### Given records:
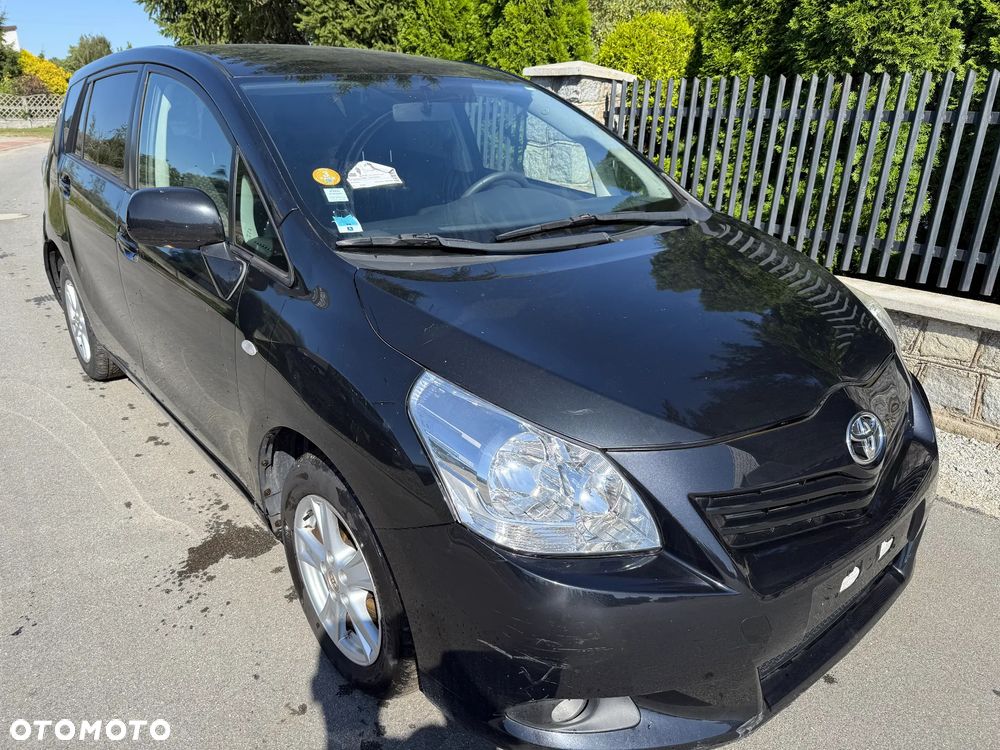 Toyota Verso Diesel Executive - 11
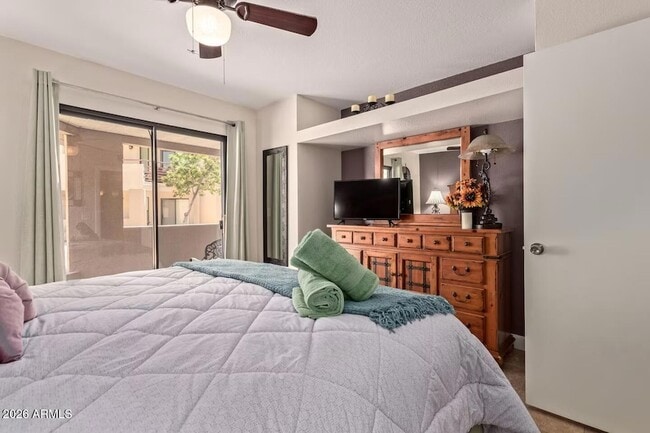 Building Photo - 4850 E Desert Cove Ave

--

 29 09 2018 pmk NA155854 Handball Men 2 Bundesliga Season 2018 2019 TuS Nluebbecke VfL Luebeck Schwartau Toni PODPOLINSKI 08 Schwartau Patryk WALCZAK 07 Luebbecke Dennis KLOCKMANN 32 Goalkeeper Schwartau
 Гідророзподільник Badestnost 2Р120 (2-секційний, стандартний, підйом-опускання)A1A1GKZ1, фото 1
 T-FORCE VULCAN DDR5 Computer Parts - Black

--

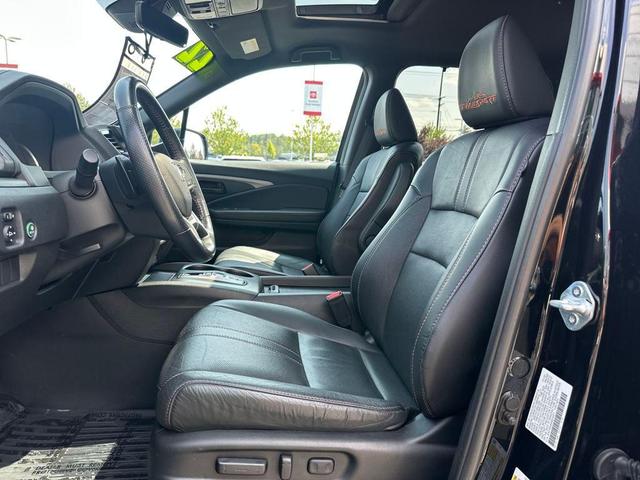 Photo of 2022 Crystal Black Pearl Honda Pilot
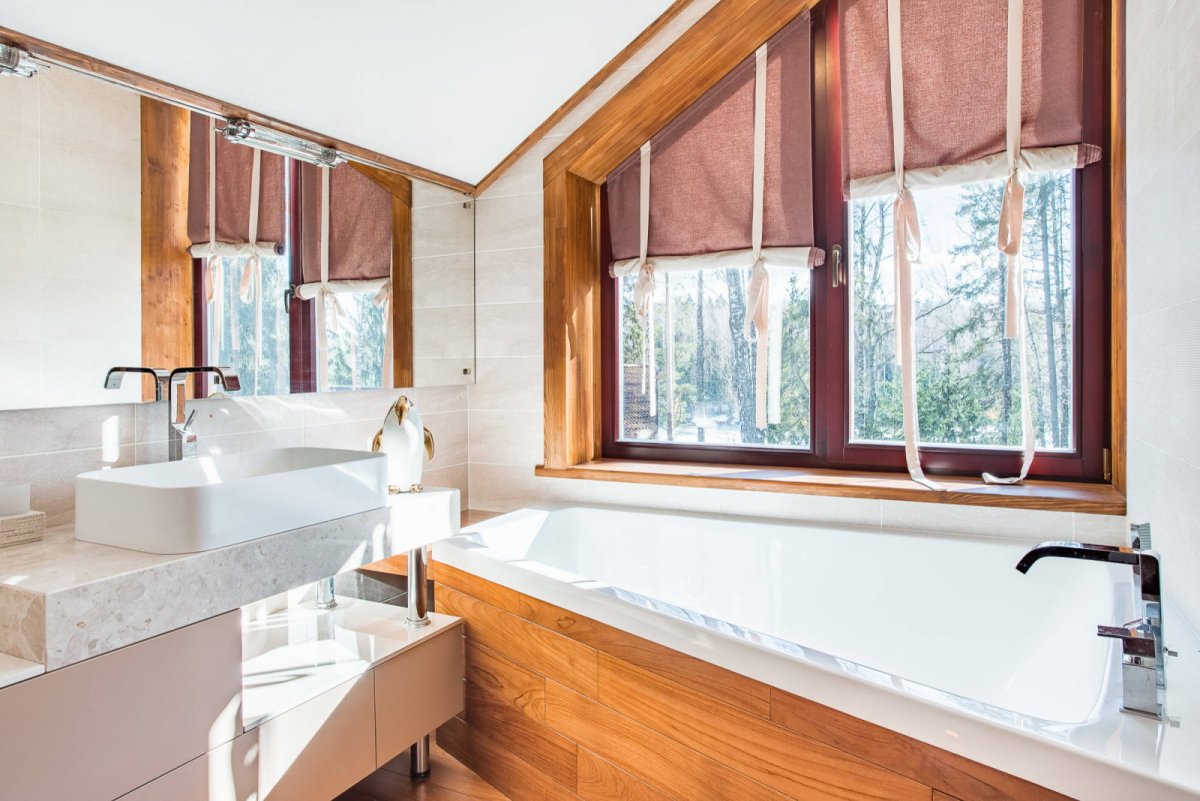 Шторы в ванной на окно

### Your assignment:
Taking the entries above, print exactly the lines starting at the line with "29 09 2018 pmk" and ending at the line with "T-FORCE VULCAN DDR5 Computer Parts - Black", both included.

### Exercise solution:
 29 09 2018 pmk NA155854 Handball Men 2 Bundesliga Season 2018 2019 TuS Nluebbecke VfL Luebeck Schwartau Toni PODPOLINSKI 08 Schwartau Patryk WALCZAK 07 Luebbecke Dennis KLOCKMANN 32 Goalkeeper Schwartau
 Гідророзподільник Badestnost 2Р120 (2-секційний, стандартний, підйом-опускання)A1A1GKZ1, фото 1
 T-FORCE VULCAN DDR5 Computer Parts - Black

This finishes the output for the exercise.